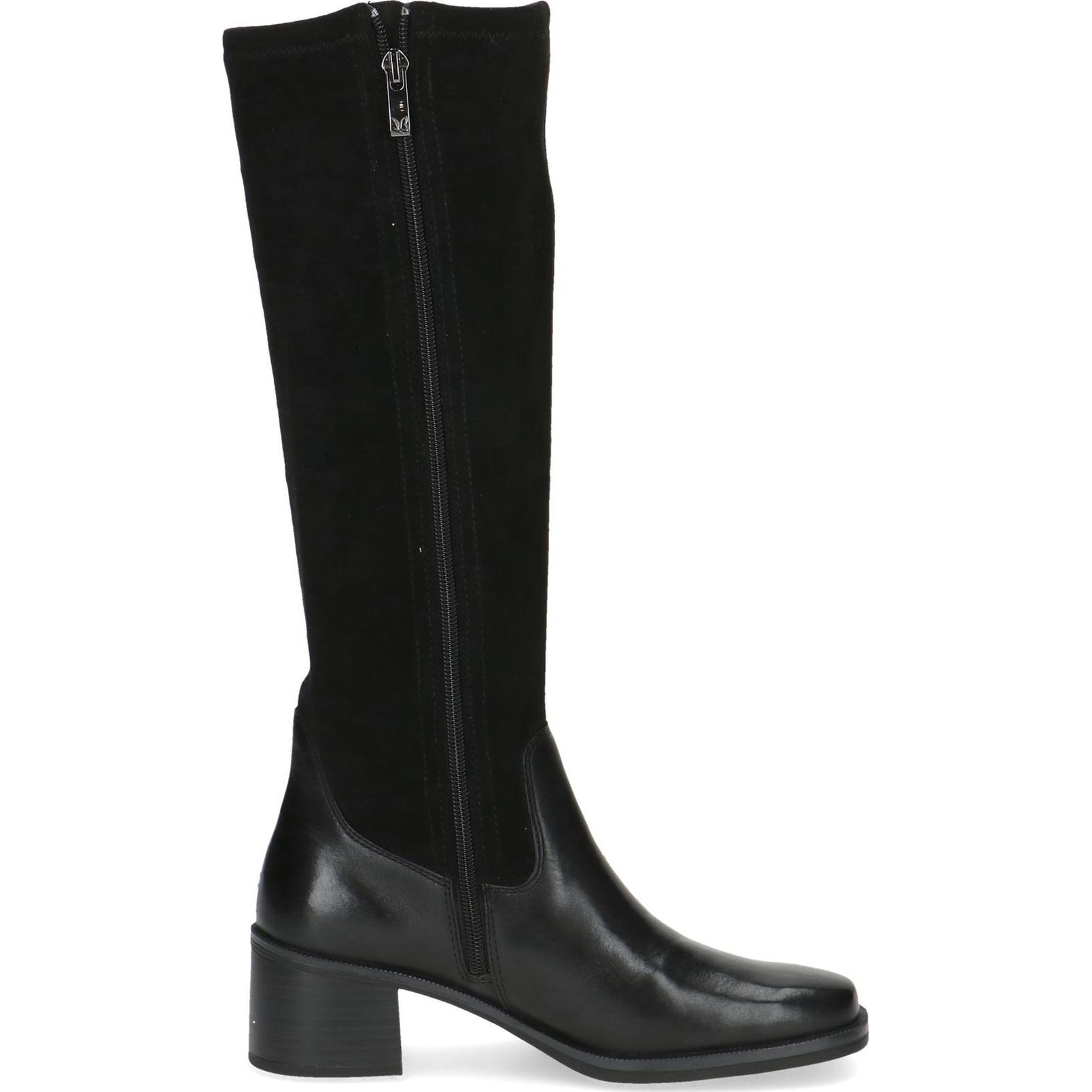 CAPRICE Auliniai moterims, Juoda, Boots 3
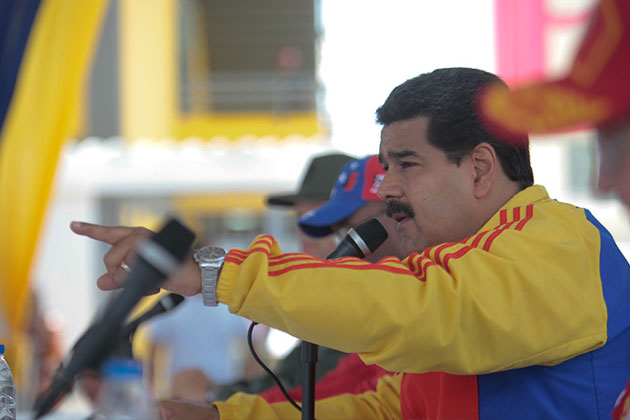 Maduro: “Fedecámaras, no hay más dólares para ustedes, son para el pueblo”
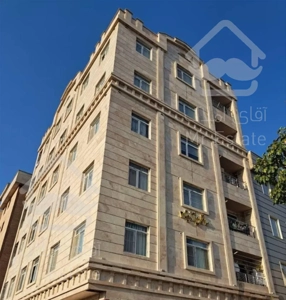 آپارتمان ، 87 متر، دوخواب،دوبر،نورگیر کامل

==========

**TASK STATEMENT:** Exactly those lines that run from the line holding "hay más dólares" to the end of the listing above, both included, are to be reproduced, with pictures left out.

**RESPONSE:**
 Maduro: “Fedecámaras, no hay más dólares para ustedes, son para el pueblo”
 آپارتمان ، 87 متر، دوخواب،دوبر،نورگیر کامل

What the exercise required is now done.